Apologies for the reply spaghetti, and the deleted posts. I suspect I know where things went sideways in relation to being able to debug this.
Instead of creating a repo per project, I naively created a single repo at the root level of the bucket, into which i’m dumping all the projects. This may or may not come back to haunt me [gut check, I feel that it will] – this likely means that I wouldn’t be able to determine the data footprint of the packs transferred so far. I will likely need to reorganize this at some point.
[edit: with this new info I’ve decided to go back and adjust the back up script to first attempt to create a project-specific repo in the bucket – I’ve created new buckets for this purpose, so in theory once my new upload has completed (of all the projects, ugh!), I should be able to simply delete the old buckets. It feels better organized – @cdhowie thank you for the tip.]
Having said that, is there anything else worth considering with regards to why these (large?) files are being looked at by restic? Is it safe to assume that this is a likely cause of the slowdown?
[post-post edit: this experiment definitely highlighted the fact that there is something amiss. The first project being archived shows as follows:
I think if you pass -v to the backup command, it will give you a list of the files it’s uploading. You can use this to troubleshoot your exclude patterns. (Maybe try backing up to a local filesystem repository to test, until you have the patterns working the way you want.)
I set up a not-dissimilar configuration with all but one small directory excluded and I then removed the exclusions progressively as I was ready for additional chunks of data to backup.
While I didn’t monitor the file system directly, restic definitely didn’t read the entire contents of excluded directories as the initial backup finished faster than would be possible. I can’t speak to whether restic wandered the directory structure.
I’m hoping to exclude all the files inside/under the footage directory, but i’m clearly mangling the exclude string. Any insight would be most appreciated.
… which is NOT what you want. This excludes the first directory cmn/footage/From_client/footage/graded but then passes the other two as arguments to backup, which includes them.
I would suggest that you stick with --exclude footage.

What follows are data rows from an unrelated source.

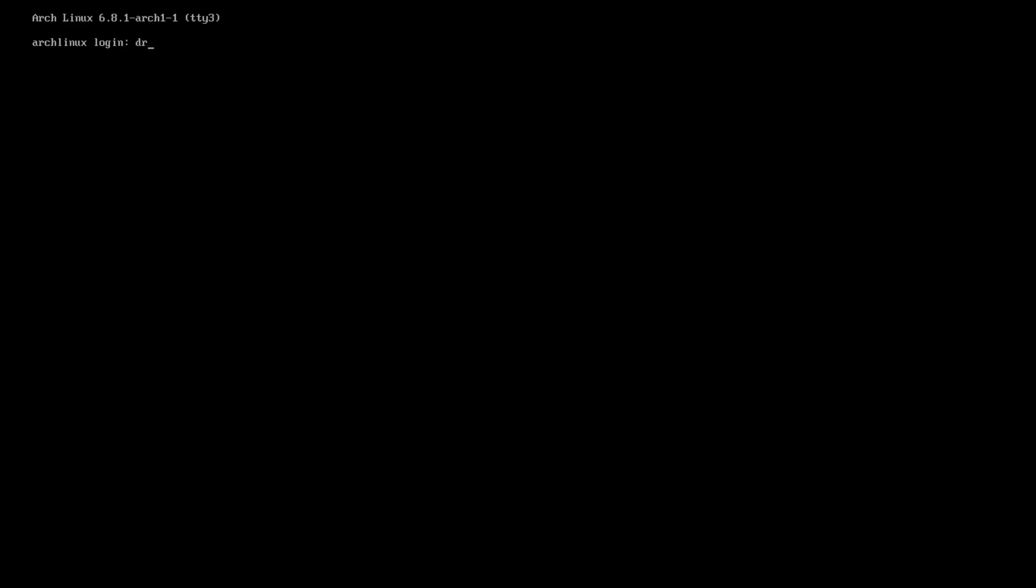So to fix that, we got to log in, and then specify a new display manager by doing sudo systemctl enable any installed display manager, for example, sddm, and then reboot.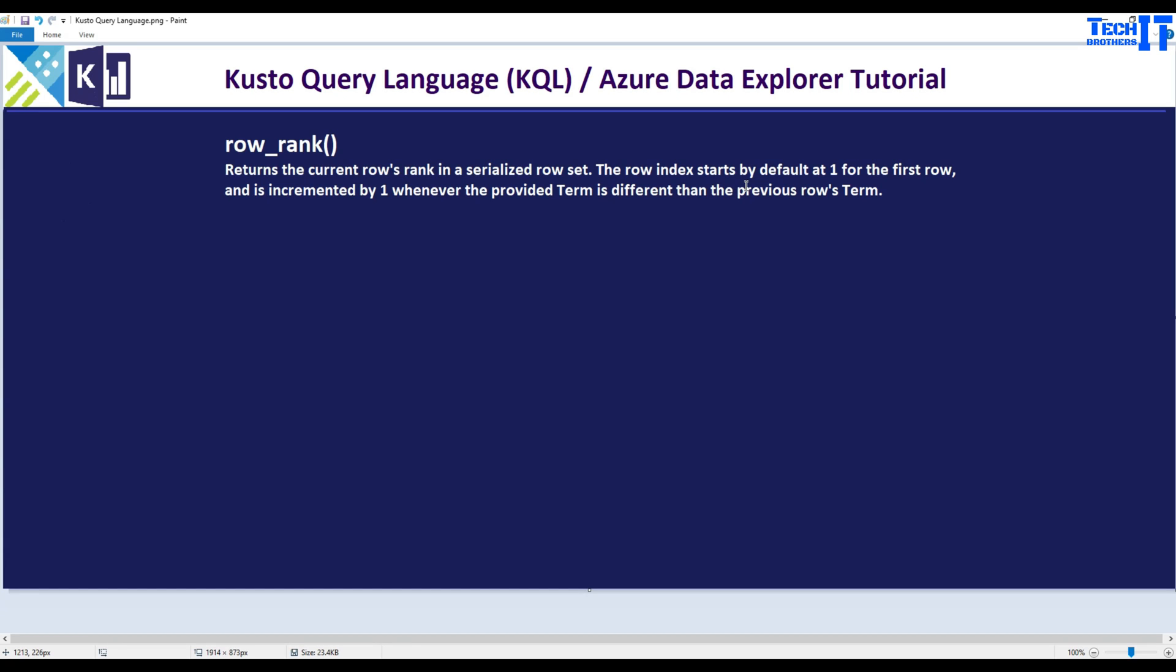Welcome to Tech Brothers Adhamir. In this video, we are going to learn about the row_rank function in Kusto. Row_rank function returns the current row's rank in a serialized row set. The row index starts by default at 1 for the first row and increments by 1 whenever the provided term is different than the previous row's term.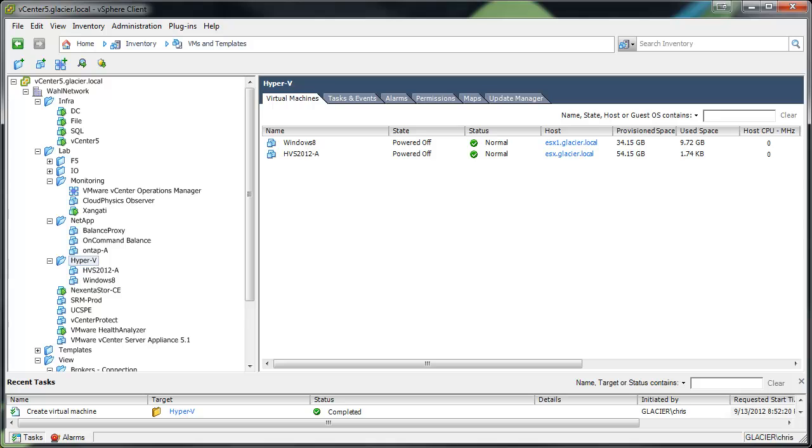Hi, my name is Chris Wall with The Wall Network. Today we're going to go over how to install Hyper-V Server 2012 on ESXi5.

@fd0 Are you aware of any issue with leading ** in an exclude pattern?
ps shouldn’t show any quotes there so it looks like you’re excluding files actually having double quotes in the name. Usually, you would get something like this if you use something like \"**/footage/**\" or '"**/footage/**"'. You briefly mentioned a backup script, can you paste it (with credentials redacted of course)?
Right, but we’re saying that --exclude="**/footage/**"should work because the shell erases the quotes. However, based on the ps output it looks like the quotes were actually passed to restic.
Were you doing something like --exclude='"**/footage/**"'?
I don’t think the shell erases the quotes. I think the shell will make substitutions if the patten falls into the category of something it knows about for example:
if I call du -sh *c* the shell substitutes the c for something it knows about – I say this because invoking ps on the du process shows:
gene [gene@tws09 ~]$ ps -ef | grep du
41185 38406 6 11:49 pts/4 00:00:00 du -sh cal cmn
instictively (and wrongly in this case) I put the expression in quotes hoping to prevent the shell from getting involved in the globbing process.
That’s the strange thing – what you did was actually right. The quotes should be erased by the shell.
The only guess I have is that you are calling restic from a script, and the shebang line in the script invokes a shell that doesn’t erase quotes, and that’s a long shot.
Ha. That’s awesome – I did not know that the shell behaves this way with quotes. Thanks for the schooling. I will watch out for that in the future.
And yes, you are 100% correct as to the script. I’m invoking restic from a python subprocess, which probably trips this behaviour up.
Ah, yup, there it is! subprocess.Popen() doesn’t invoke a shell, it takes your arguments array and passes them to the target program as-is. This means that quotes and * characters alike are untouched, so using **/footage/** without quotes here is safe.
And, of course, using quotes means they get passed to restic, which will dutifully ignore any paths that start and end with a " character, and have /footage/ somewhere in them.
Thanks for satisfying my curiosity.
Oh and look, you aren’t the first person to trip up here. I knew this sounded familiar… I helped someone else out with this exact issue!